The bigger strategic risk is client concentration. If TJO@Pack derives a significant portion of revenue from one or two large pharma clients, losing a contract post-acquisition could crater the site's economics. Ampersand's due diligence presumably vetted that risk, but client retention is never guaranteed when ownership and management change.
What This Exit Signals About Mid-Market Healthcare PE
Ampersand's exit environment is favorable. Healthcare services and life sciences tools remain in high demand. Strategic buyers have capital to deploy. And the CDMO sector's long-term growth drivers — aging populations, rising drug approvals, continued outsourcing — remain intact despite short-term headwinds like GLP-1 manufacturing bottlenecks and generic pricing pressure.
For mid-market PE firms, the lesson is that specialized, defensible healthcare services businesses still command premium exit valuations — if you pick the right sub-sector and execute operationally. Ampersand didn't swing for the fences with TJO@Pack. It didn't try to build a standalone platform or force rapid revenue growth. It backed a competent management team in a niche market, made operational improvements, and sold to a logical strategic buyer. That's textbook mid-market value creation.

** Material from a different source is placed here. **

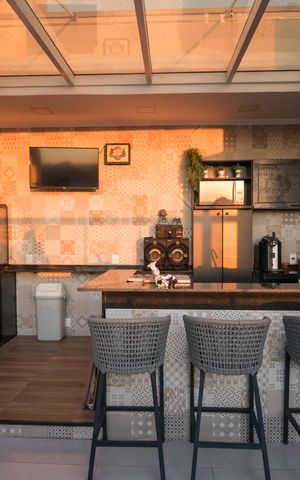 Apartamento à venda com 145m², 3 quartos e 2 vagas Apartamento à venda com 145m², 3 quartos e 2 vagasÁrea gourmet do apartamento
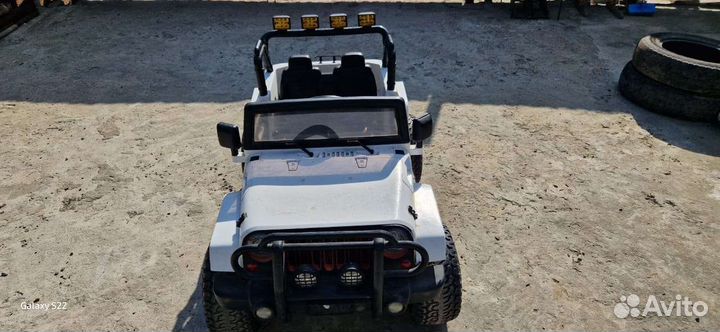 Детский электромобиль джип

The harder question is whether that playbook still works in five years. As CDMO consolidation matures, the number of attractive bolt-on targets shrinks. Multiples for even niche assets are already elevated. And strategic buyers may eventually reach a point where they've aggregated enough scale and capabilities that further acquisitions deliver diminishing returns.
But we're not there yet. TJO@Pack's exit shows there's still a functioning market for mid-market CDMO assets, and still buyers willing to pay for geographic and capability expansion. Ampersand got out at the right time. Whether Alcami and GTCR can say the same when they eventually exit will depend on how much longer this consolidation wave runs — and whether the fundamentals support the valuations being paid.